Thursday, October 27, 2011

Invoke SharePoint Workflow Programmatically

There's some restricted SharePoint sites and content in your SharePoint environment, and users can only interact with secure SharePoint resources through custom webpart(s). A typical example is performance review system. For simplicity let's say each department has a site or subsite to store the review data. You create a SPList for each year's review like PerformanceReview-2011, PerformanceReview-2012, etc. Only the management team members of a department can have direct access to the department performance review site. Every employee can input the data and respond manager's question/review through a custom webpart. Usually RunWithElevatedPrivileges is used inside the WebPart to get through the permission issue for SPList content update as code below:
    SPSecurity.RunWithElevatedPrivileges(delegate()
    {
        using (SPSite site = new SPSite(siteID))
        {
            using (SPWeb web = site.OpenWeb(webID))
            {
                SPList list = web.Lists.TryGetList(listName);
                //Update List Item ...
            }
        }
    });
A workflow associated with the List is supposed to automatically kick off doing some extra stuff such as assigning task to corresponding managers. The problem is that the execution context of above code is system account, and updating List Item with System account won't trigger the workflow. So you have to start the workflow manually inside the WebPart:
    // Start a workflow manually since system account won't trigger workflow automatically
    private static void StartWorkflow(SPListItem listItem, string workflowName)
    {
        try
        {
            var listWorkflowAssociations = listItem.ParentList.WorkflowAssociations;
            foreach (SPWorkflowAssociation wfAssoication in listWorkflowAssociations)
            {
                if (wfAssoication.Name == workflowName)
                {
                    listItem.Web.Site.WorkflowManager.
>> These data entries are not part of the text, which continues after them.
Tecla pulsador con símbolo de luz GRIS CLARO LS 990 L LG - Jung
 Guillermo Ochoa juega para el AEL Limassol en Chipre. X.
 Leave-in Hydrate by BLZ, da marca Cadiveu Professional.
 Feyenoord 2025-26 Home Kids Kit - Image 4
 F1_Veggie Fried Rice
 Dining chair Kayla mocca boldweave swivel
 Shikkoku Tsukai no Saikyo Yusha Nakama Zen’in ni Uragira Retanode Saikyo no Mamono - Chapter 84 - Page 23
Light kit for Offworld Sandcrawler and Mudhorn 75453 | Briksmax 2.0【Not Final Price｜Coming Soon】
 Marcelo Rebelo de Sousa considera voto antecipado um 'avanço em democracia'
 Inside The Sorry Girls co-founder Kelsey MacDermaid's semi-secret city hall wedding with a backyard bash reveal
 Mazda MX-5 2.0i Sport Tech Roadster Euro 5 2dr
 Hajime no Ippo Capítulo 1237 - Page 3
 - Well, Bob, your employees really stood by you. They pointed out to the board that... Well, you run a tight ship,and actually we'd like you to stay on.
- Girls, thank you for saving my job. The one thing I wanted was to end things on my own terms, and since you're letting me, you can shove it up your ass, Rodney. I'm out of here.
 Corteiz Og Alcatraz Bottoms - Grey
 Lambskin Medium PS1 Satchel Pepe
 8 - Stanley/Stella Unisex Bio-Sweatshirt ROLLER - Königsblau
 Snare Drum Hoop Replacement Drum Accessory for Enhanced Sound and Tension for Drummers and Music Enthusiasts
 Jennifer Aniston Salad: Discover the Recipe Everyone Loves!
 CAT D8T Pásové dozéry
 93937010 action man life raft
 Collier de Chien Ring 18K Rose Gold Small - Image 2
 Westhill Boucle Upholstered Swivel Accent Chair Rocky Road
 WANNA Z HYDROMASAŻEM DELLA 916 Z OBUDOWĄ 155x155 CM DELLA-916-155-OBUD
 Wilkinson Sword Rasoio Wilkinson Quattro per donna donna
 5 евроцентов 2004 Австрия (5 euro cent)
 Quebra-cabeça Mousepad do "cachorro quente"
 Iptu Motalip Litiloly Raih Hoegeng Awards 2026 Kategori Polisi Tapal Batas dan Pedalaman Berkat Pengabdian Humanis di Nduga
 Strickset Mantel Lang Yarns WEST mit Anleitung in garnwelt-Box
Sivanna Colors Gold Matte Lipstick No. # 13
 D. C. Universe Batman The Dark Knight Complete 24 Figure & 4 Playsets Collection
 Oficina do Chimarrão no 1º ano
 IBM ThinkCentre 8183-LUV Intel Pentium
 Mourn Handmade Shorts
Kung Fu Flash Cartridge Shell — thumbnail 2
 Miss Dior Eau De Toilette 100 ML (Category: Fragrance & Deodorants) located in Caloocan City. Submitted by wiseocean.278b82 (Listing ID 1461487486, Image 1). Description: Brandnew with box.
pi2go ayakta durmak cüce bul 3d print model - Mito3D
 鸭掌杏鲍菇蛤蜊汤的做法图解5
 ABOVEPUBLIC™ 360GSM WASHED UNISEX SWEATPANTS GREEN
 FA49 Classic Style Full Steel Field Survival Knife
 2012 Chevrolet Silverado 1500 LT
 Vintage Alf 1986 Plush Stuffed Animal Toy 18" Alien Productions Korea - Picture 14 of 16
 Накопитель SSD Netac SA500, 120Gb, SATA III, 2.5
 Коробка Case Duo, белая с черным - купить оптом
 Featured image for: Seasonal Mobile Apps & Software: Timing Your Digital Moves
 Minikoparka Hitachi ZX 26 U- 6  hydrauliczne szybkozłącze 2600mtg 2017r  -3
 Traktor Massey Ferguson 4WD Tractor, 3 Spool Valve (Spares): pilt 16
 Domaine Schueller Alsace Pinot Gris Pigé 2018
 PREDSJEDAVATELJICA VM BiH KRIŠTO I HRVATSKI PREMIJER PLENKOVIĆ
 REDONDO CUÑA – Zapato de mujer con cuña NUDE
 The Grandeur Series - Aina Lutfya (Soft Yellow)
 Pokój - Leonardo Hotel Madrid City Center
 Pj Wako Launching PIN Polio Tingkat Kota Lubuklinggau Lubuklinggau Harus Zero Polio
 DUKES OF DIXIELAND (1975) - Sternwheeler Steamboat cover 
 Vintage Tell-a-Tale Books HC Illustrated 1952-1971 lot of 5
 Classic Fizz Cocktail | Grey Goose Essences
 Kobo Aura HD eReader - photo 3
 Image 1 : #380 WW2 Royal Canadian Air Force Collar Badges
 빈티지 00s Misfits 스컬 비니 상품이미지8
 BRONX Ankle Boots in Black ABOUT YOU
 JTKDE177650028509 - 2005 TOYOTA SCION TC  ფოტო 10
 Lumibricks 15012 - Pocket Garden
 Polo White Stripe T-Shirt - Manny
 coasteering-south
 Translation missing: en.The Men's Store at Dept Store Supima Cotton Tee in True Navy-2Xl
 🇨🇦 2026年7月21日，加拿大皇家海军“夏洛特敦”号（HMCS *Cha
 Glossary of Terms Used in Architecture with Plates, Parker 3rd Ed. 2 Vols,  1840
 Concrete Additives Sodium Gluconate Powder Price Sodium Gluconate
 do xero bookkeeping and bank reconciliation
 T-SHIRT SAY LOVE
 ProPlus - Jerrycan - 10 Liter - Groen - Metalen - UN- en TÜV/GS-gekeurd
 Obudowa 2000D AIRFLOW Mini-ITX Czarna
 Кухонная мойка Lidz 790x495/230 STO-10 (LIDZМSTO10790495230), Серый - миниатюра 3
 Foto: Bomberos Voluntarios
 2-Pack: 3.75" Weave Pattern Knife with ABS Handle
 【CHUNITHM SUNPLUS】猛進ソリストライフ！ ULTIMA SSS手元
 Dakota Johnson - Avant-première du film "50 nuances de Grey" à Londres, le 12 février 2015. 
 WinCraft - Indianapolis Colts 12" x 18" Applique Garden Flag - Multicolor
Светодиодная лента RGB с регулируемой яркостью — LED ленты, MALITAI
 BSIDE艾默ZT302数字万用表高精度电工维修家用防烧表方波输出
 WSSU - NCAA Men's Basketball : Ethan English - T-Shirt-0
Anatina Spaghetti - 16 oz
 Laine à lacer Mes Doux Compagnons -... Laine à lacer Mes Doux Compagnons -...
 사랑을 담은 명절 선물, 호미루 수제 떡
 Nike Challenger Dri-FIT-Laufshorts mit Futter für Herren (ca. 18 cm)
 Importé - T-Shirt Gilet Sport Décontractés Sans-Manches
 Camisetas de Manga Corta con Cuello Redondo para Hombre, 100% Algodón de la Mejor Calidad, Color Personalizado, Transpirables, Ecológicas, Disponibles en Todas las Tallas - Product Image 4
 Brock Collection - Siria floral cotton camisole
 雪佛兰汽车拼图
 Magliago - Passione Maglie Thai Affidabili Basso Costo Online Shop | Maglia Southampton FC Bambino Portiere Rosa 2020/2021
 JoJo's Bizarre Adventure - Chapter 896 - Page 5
                      StartWorkflow(listItem, wfAssoication, wfAssoication.AssociationData, true);
                    break;
                }
            }
        }
        catch (Exception ex)
        {
            // Exception handling
        }
    }
Bear in mind that the Associator, Initiator and Current User inside Workflow context all are system account with such implementation. You have to use People field defined in List Item to reference the original user.